Dari BBC melaporkan badai salju juga memakan korban 3 petani. Longsoran disebelah timur dan barat diperkirakan menewaskan 10 orang. Di antaranya kebangsaan Kanada, Slovakia dan India serta masyarakat setempat. Seorang pria dari Perancis tergelincir ke sungah Budhi Gandaki ketika hujan lebat.
Cuaca buruk melanda di ketinggian 4.500m dari tempat peristirahatan dan tidak jauh dari satu titik tertinggi Thorung La. Kabarnya pendaki yang jalan jalan ini meninggal ketika kembali kebawah. Ribuan trekker mengunjungi daerah yang disebut Circuit Annapura setiap bulan Oktober, ketika kondisi sangat baik untuk perjalanan. Apa yang terjadi berbeda, cuaca begitu buruk terjadi.




Salah satu pemandu dari Nepal yang menemukan saya meminta saya masuk bahkan perlu menyeret  ke tempat toko teh. Di dalam semuanya benar benar ketakutan menghadapi badai salju. Kami berjaga untuk tidak tidur dan minum teh hangat agar tidak terjadi hipoertemia. Salju yang melanda daerah tersebut kabarnya mencapai 2 meter.
3 sherpa dan 2 pendaki dari Slowakia dikabarkan sedang mendaki puncak ke 7 di gunung Dhulagiri dengan ketinggian 8167 meter meninggal dan ditemukan pada hari Kamis.

Telegraph.





Kejadian badai salju mematikan ini pernah terjadi di tahun 1995 dan 2005. Lebih dari 12 pendaki dan pemandu meningal di rute tersebut. Berita meninggal turis yang jalan jalan kesana masih tidak jelas. Hari Kamis dikabarkan 27 orang meninggal dan 70 orang hilang. Terakhir hari Jumat 32 orang meninggal dan 85 hilang.

Dua warga Ottawa Virginia Schwartz 37 dan Jane Van Criekingen hilang. Saudara Schwartz mengatakan terakhir terdengar hari Sabtu tapi mereka tidak menjawab. 2 lain dari Ontario usia 37 tahun belum ditemukan, Shannon Stevens dan Ewa Bednarczuk.Ayahnya yang menerima email mengatakan hari Senin mereka menginap di Manang, menunggu melanjutkan perjalanan. Daerah tersebut paling terpukul oleh badai dan longsoran salju.



CNN mengatakan 320 orang berhasil diselamatkan.
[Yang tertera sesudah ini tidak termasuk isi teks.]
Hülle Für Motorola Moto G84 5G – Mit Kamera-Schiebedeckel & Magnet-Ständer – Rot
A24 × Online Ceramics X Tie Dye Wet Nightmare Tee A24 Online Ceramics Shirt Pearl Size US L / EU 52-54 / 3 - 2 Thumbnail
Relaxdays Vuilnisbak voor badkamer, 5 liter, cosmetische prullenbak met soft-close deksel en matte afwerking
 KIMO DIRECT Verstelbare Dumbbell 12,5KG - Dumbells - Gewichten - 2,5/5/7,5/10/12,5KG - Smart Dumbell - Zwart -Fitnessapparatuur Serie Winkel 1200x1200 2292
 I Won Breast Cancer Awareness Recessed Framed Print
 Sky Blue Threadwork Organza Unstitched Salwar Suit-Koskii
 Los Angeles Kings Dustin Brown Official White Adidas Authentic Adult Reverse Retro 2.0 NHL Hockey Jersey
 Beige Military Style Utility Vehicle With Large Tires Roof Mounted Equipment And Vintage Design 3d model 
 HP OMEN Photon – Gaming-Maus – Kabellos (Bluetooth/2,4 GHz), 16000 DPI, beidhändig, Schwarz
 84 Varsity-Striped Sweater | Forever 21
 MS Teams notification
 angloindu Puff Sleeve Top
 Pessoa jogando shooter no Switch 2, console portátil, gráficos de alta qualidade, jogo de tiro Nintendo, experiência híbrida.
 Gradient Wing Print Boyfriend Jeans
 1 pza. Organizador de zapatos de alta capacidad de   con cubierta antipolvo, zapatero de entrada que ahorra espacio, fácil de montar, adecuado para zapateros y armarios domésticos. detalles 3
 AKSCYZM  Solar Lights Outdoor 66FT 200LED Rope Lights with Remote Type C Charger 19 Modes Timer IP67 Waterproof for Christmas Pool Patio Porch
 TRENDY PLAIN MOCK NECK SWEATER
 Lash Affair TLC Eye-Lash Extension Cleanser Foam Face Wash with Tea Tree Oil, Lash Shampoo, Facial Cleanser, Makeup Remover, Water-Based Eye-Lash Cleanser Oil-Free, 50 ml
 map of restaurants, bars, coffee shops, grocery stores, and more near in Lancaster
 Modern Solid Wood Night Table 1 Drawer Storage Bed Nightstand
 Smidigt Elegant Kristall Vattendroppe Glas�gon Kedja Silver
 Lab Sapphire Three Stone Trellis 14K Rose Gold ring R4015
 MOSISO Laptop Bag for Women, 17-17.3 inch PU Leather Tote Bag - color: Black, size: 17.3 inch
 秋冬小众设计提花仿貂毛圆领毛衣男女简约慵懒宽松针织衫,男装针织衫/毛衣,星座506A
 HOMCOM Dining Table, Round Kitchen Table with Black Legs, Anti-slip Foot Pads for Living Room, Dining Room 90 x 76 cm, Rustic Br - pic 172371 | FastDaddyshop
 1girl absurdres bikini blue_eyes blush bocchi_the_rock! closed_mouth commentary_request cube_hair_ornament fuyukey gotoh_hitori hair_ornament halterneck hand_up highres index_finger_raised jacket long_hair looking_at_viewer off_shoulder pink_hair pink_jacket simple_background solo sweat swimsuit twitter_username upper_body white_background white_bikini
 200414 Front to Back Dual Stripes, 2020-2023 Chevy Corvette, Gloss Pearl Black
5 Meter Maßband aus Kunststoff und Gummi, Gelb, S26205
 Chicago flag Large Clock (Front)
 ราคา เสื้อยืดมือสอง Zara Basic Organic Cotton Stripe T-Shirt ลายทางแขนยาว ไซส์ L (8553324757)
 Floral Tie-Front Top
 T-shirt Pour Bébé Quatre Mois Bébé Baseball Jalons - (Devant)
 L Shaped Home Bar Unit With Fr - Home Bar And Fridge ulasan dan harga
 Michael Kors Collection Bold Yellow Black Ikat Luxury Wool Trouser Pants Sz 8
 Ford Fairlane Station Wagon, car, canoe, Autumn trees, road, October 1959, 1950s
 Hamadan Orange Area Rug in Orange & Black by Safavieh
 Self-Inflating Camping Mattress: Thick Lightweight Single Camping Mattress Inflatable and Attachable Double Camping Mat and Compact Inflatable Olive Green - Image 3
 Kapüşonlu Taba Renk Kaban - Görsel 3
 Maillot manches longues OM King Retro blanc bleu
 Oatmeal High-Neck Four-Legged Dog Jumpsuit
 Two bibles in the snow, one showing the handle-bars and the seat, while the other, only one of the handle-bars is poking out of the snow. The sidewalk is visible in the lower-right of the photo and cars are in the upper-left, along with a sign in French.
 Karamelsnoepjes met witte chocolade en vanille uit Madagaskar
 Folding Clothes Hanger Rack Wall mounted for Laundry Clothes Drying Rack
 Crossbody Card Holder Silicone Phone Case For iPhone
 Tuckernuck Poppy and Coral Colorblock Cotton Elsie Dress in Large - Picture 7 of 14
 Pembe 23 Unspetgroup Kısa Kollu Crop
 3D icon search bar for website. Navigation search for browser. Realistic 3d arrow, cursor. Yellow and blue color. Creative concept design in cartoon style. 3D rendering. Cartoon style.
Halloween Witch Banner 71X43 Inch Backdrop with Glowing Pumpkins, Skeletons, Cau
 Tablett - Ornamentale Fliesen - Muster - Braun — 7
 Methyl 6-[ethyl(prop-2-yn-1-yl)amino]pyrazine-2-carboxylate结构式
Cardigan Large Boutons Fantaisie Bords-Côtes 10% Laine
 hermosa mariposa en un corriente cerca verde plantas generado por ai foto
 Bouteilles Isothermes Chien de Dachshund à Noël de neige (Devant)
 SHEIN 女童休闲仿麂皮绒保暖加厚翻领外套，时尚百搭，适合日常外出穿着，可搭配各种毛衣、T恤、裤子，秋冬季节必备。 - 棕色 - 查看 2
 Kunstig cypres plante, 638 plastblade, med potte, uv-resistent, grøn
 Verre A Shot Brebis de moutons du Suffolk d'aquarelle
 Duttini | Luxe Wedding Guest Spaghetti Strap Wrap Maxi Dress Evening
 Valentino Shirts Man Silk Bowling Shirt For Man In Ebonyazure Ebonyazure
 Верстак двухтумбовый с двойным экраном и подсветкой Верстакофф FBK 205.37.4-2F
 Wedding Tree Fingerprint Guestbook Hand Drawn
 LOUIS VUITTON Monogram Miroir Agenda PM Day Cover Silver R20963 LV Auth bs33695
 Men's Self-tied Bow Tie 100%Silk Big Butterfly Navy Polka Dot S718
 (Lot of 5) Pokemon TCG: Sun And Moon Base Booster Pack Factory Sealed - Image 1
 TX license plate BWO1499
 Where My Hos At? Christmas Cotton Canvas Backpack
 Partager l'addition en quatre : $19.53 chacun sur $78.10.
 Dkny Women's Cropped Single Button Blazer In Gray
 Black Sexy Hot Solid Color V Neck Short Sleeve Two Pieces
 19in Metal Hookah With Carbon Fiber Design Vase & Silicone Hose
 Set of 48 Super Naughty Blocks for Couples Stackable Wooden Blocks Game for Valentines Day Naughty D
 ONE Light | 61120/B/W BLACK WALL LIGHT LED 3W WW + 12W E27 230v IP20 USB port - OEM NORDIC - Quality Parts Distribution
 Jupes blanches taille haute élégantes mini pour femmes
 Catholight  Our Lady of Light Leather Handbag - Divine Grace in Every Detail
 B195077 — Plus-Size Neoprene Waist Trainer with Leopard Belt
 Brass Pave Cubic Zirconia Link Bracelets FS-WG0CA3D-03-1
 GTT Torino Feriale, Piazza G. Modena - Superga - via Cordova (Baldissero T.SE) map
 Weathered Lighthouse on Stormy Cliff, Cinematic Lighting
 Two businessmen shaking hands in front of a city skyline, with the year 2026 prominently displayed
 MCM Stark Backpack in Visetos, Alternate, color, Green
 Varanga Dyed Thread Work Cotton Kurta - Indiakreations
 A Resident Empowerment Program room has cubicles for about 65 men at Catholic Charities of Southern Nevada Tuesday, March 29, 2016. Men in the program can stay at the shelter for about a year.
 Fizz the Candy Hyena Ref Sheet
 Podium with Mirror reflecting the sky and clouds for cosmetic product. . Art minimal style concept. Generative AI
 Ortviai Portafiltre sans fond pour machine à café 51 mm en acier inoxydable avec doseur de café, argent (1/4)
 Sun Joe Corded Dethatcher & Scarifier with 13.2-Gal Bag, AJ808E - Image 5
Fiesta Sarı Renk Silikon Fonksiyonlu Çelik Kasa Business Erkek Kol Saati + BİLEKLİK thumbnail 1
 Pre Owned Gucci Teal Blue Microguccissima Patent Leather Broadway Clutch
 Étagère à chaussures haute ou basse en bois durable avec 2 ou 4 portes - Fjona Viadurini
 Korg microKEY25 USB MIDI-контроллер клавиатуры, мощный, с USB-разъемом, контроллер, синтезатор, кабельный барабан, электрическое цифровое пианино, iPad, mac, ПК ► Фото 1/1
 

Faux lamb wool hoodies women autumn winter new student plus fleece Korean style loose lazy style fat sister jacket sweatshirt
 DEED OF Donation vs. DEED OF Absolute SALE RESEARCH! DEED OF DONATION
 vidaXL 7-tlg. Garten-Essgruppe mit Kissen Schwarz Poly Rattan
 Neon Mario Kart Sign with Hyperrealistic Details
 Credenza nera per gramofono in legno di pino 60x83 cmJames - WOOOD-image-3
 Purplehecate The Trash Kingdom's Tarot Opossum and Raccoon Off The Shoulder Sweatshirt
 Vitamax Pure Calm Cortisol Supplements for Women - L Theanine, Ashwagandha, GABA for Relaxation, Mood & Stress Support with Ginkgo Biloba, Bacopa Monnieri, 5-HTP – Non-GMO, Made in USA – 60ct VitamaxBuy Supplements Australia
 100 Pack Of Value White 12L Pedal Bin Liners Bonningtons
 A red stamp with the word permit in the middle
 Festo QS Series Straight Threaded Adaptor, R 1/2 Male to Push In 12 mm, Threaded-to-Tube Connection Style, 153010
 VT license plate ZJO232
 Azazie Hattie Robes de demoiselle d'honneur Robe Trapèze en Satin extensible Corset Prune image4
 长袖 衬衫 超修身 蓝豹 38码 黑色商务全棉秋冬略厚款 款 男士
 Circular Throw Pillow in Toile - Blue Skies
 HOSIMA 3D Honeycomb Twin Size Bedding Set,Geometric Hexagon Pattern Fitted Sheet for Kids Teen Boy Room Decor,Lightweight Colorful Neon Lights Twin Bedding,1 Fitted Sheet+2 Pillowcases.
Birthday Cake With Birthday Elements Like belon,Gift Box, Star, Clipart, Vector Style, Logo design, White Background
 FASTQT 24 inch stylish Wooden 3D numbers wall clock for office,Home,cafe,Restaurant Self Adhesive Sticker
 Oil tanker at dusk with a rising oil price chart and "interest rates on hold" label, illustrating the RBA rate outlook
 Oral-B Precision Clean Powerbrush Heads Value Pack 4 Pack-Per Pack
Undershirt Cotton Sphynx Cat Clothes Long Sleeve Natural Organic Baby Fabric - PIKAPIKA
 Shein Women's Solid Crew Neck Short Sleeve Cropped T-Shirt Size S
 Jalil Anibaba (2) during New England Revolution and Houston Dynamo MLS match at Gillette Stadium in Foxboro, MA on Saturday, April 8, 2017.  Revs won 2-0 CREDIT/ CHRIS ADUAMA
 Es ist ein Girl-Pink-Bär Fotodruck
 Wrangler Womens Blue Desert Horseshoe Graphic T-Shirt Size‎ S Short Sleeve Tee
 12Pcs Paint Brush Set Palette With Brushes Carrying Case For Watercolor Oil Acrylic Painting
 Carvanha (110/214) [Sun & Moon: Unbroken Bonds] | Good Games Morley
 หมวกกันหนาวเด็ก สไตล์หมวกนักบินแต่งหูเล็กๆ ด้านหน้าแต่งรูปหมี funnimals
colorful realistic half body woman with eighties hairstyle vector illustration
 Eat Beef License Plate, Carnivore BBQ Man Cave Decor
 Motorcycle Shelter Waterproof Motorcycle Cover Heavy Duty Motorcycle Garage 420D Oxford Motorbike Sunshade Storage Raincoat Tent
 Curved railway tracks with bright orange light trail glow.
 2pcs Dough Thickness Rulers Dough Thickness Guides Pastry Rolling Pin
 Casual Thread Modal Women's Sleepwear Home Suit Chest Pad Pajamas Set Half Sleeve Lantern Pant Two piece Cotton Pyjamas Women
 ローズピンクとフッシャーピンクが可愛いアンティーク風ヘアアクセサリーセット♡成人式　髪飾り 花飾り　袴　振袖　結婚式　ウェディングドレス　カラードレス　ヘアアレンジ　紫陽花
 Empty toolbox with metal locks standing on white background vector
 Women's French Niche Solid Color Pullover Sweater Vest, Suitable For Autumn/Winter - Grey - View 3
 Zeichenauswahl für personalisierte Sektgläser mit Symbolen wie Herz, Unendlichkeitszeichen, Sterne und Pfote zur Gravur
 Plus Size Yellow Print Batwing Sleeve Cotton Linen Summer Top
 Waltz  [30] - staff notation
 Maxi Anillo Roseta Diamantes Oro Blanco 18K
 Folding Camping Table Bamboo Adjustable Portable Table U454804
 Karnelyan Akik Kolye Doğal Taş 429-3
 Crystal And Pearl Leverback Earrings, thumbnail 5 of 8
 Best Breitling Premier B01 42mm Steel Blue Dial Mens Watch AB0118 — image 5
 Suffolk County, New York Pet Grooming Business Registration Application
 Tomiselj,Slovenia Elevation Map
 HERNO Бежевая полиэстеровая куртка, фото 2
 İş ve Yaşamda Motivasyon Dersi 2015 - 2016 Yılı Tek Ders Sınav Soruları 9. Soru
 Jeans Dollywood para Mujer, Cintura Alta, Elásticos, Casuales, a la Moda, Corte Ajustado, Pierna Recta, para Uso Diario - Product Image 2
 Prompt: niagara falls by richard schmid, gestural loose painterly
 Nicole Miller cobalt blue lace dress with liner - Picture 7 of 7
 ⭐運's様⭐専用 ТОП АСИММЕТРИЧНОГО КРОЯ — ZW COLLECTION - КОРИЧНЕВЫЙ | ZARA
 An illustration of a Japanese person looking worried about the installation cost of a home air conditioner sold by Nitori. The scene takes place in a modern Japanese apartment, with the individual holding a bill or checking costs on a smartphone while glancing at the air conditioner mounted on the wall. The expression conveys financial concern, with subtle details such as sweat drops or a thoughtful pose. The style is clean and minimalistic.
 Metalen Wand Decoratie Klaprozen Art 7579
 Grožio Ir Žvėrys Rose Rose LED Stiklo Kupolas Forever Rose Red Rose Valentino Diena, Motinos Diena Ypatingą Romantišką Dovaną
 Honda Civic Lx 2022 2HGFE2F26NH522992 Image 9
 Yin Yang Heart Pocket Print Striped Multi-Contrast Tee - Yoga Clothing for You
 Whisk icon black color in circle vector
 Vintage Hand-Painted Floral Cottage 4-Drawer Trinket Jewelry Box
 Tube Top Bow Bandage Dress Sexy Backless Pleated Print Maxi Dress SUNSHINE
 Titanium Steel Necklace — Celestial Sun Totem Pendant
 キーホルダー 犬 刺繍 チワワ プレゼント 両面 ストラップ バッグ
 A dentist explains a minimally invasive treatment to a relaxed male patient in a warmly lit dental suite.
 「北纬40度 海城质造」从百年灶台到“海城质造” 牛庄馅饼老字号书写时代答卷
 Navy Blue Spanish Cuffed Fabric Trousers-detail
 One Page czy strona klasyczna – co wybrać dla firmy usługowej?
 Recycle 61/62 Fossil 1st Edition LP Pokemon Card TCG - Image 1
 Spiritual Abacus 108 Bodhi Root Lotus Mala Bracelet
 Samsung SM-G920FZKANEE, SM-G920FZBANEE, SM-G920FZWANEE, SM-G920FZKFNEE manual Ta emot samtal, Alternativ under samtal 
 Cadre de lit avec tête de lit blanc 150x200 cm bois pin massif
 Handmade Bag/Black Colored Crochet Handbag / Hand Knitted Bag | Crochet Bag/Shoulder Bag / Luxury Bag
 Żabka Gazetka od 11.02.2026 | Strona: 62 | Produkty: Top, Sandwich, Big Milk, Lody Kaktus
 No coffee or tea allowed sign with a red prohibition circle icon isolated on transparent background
Badai datang pada jam 8 pagi, sementara para pendaki umumnya berangkat jam 4 pagi atau sedang berada ditengah perjalanan.


Seorang ilmuwan perubahan iklim engan menghubungkan satu peristiwa ini dengan pemanasan global  Tapi PBB yang mendukung upaya perubahan iklim mengatakan ketika bumi semakin hangat. Maka cuaca esktrim akan meningkat frekuensinya dan intesitas terus naik dalam beberapa dekade mendatang. Mungkin kondisinya seperti ini. Cuaca yang cerah bertahun tahun, mendadak berubah menjadi sangat ekstrim dengan turunnya salju lebat di pengunungan. Bisa dibayangkan bila seseorang sedang mendaki gunung, mendadak salju turun di lintasan pendakian. Jalan lenyap, salju menumpuk sampai menutup jalan pulang, bahkan terjadi longsor salju ditambah udara yang sangat dinggin di ketinggian 5000 meter lebih.

Berita terkait
Video dari Dicovery Channel dikumpulkan dari koleksi dan sejarah para pendaki di Everest ini untuk menghormati para Sherpa yang meninggal. Rekor baru pendaki paling banyak mencapai puncak Everest mencapai 22 kali pada bulan Mei 2018

Satu tim dokter berangkat ke puncak gunung tertinggi di Everest.16 dokter untuk meneliti penyelamatan. 2017, kembali diteliti mengapa orang yang mendaki di tempat ketinggian akan memiliki masalah kesehatan sedangkan yang lain tidak. Apakah benar semakin tinggi manusia tidak lagi berpikir dengan logika.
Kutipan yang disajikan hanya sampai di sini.